In this novel, billed as an examination of the complexities of modern love and marriage, Amina Mazid, a Bangladeshi woman, moves to Rochester, NY to get married to George Stillman, the American businessman she met online. Adjusting to life in her new home (and country) acts as a catalyst for Amina to examine her life choices and the meaning of home.

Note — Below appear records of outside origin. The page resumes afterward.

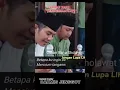 Download Lagu \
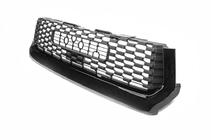 Toyota Tundra 2007-2021 Front Grille Type-2 (2014+) photo 4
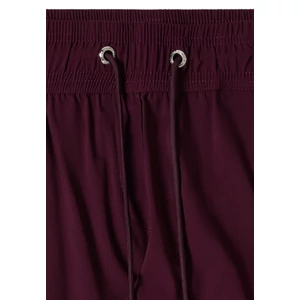 Kép 5/7 - Nadrág - NOS Style Tracey Summerstretch - 26FS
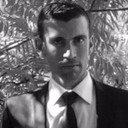  ,   Zafar, 35 ,   ,   , c 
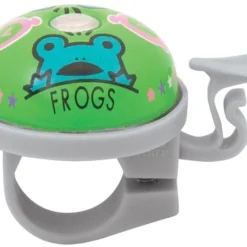 Force - Zvonek Rosnička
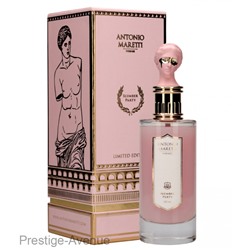 Antonio Maretti Slumber Party edp for women 100 ml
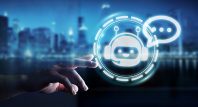 CHATBOT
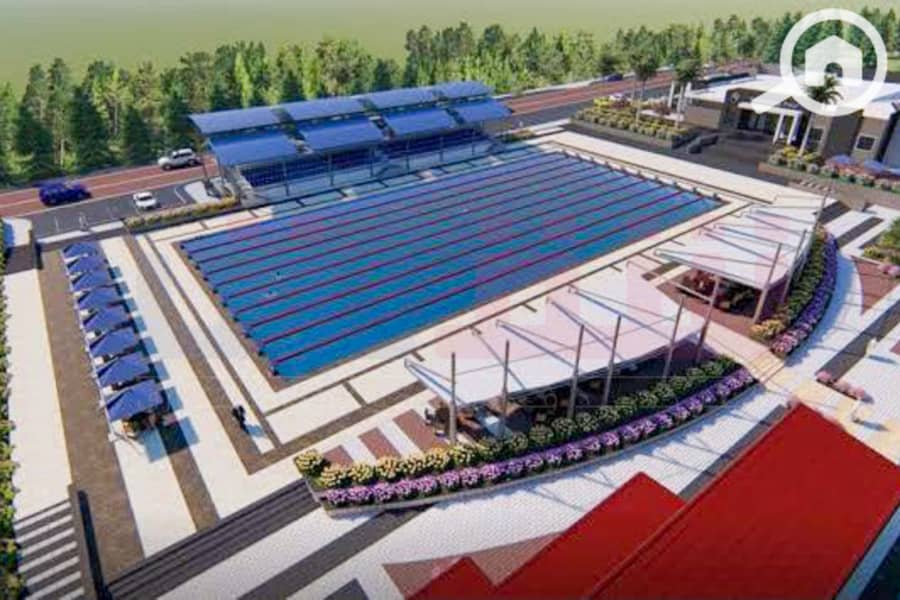 11 WhatsApp Image 2025-03-22 at 12.53. 34 PM. jpg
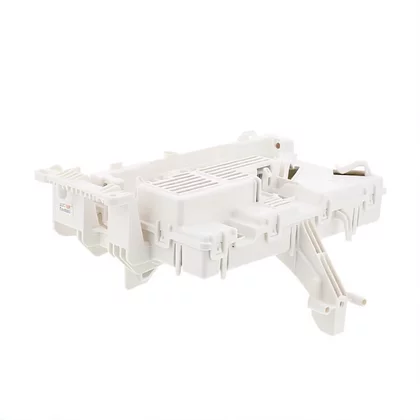 Elementy elektryczne do pralek r Skonfigurowany moduł sterujący do pralki Electrolux / AEG EWM09311 973914906455006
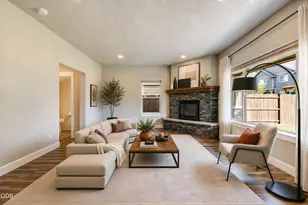 3129 NE Flagstone, Bend, OR 97701 - Photo 5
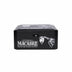 Black Label Trading Co Macabre Robusto Closed Box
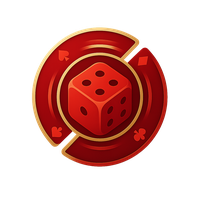 ScatterGame Logo
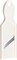 Shimomura Тёрка кухонная малая AMS-610 AMS-610 - фото 14991 Shimomura Тёрка кухонная малая AMS-610 AMS-610 - фото 14991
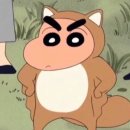 튼튼제일의원 이미지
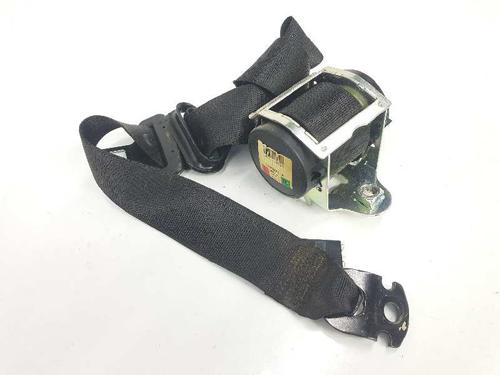 Rear left seatbelt OPEL CORSA D (S07) 1.3 CDTI (L08, L68) | BP7893284I29 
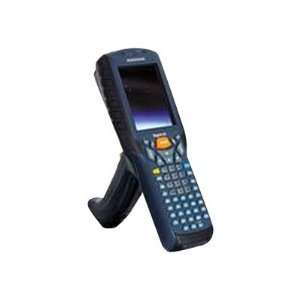  DATALOGIC 945200007 FAL X3 HH 802.11 a/b/g CCX v4 BT 52 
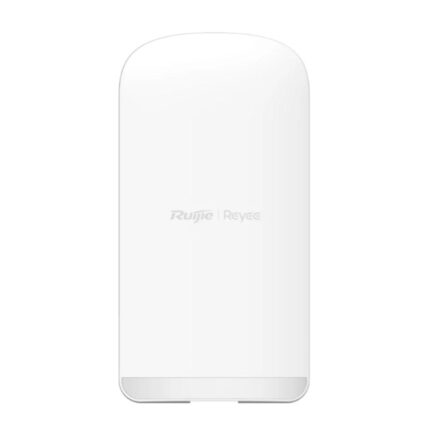 Reyee RG-EST330F-P Antena Wfi5 PTP/PTMP IP55 3KM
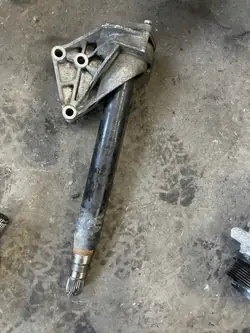 Opel Insignia A Lift 2.0 CDTI Steun OEM 22945405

The Newlyweds is a charming, breezy read that is more intelligent than it may appear to be on its surface. To call it a romantic comedy might sell a lot of copies, but it would do a disservice to what a clever, carefully constructed story it is. It’s actually more in the vein of a traditional comedy of manners, just set in the modern era. I have heard Freudenberger’s writing compared to Jane Austen’s, and there’s a bit of truth to it. Like Austen, Freudenberger is capable of embedding some pretty sharp social commentary into her story–so subtly that you almost miss it. Unlike Austen, however, she lacks both the wit and the endearing characters that have made novels like Pride and Prejudice and Sense and Sensibility perennial classics.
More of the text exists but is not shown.